I will start this blog entry by saying I like Zend Framework. I really do. However, the part of ZF I don’t use is the MVC implementation. No, it’s not bad. Actually it’s a good implementation that is the product of a lot of hard work by Zenders and non-Zenders alike. I use bits and pieces of ZF in my PHP projects and, admittedly, Zend’s MVC implementation never made the cut. Why?
I started using my first MVC implementation, Phrame, back around 2002 long before ZF. I was quickly turned off by Phrame’s Stuts-ish familiarity (no, I don’t hate on Struts either). The crux of my problem was the need to edit a bunch of files just to implement one page in my web application. So started MVCnPHP. That need to itch a scratch produced an MVC implementation that made it’s way into my 9-to-5. Over the next 7 years or so I did attempt to release MVCnPHP into the wild but never really polished it off. Today I’m happy to announce that has changed.
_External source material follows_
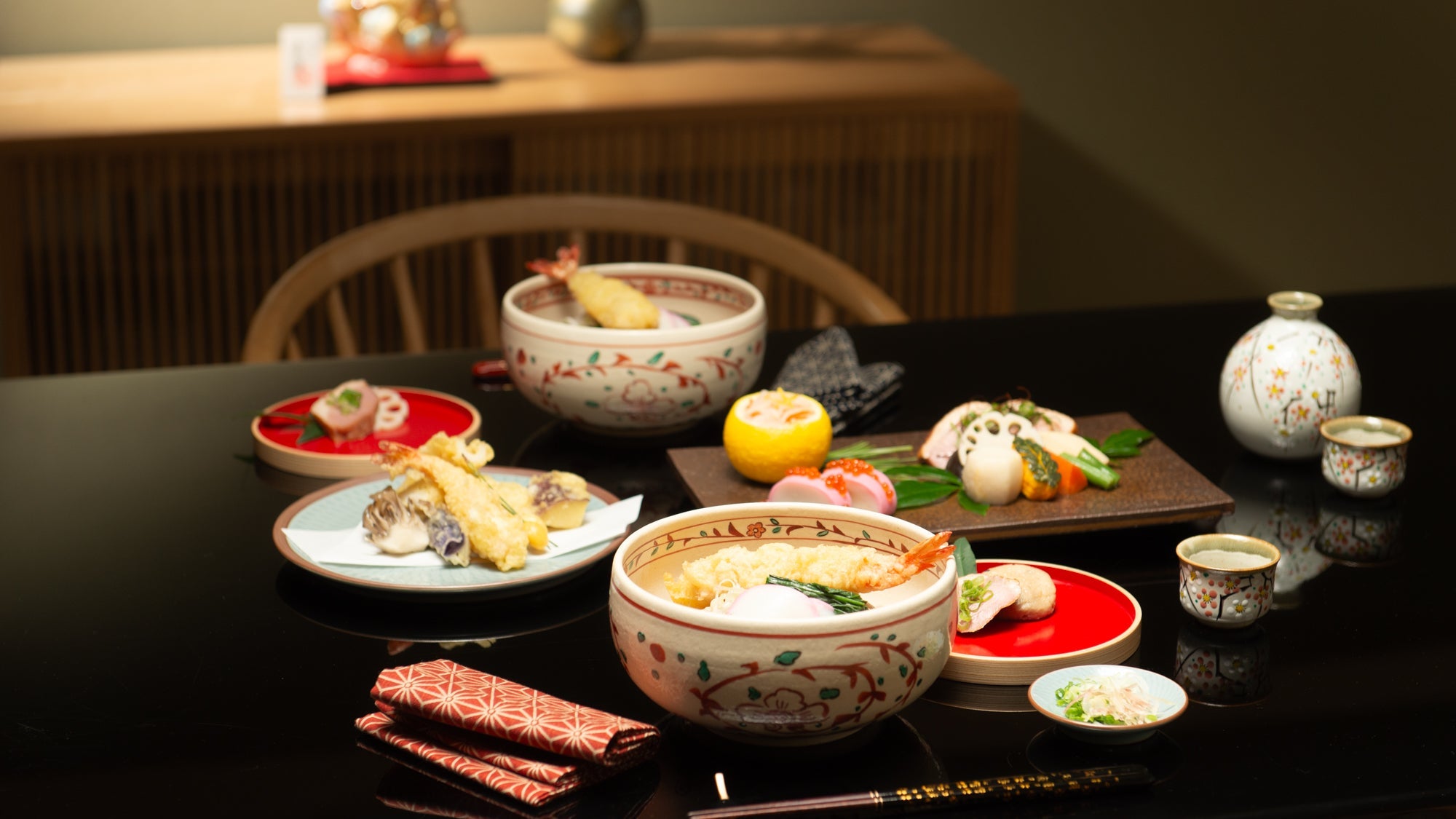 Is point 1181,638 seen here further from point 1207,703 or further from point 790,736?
point 790,736

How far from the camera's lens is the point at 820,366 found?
151 cm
Before I get into MVCnPHP let me circle back around to ZF. Why didn’t I adopt it’s MVC implementation when it was released? I considered it but the issue simply came down to my biased view of the design differences. In fact, I was motivated to release MVCnPHP because of a project I recently inherited that uses the Zend MVC implementation. The biggest difference between the ZF MVC implementation and MVCnPHP is MVCnPHP is meant to allow you to isolate views and commands into their own files and simply drop them into a directory then having your controller immediately aware of them. I admit this quality of MVCnPHP isn’t unique in the world of MVC implementations but this whole experience motivated me to really start working on polishing the code and documenting how to use it. Today I’m happy to announce my first release of those efforts.
So to cut the fluff, here’s a few things to get you started on MVCnPHP:
- I know learning a new MVC implementation may appear time so to help you evaluate it you can see it in action with this sample application that not only excersizes most the features of MVCnPHP, it gives you quick access to the code behind the scenes.
- After that why not download MVCnPHP. We have versions that support PHP 5.2.x and well as a release that support PHP 5.3 namespaces.
- Once installed all you need to do use read the MVCnPHP User Guide. The guide is still a work in progress but it does cover most of what you need to get started.
I can barely contain my personal excitement for getting this out. MVCnPHP represents a library that brings the benefits of a model-view-controller implementation in a package that is small, yet packed full of features with no limits for being extended. I hope you all agree.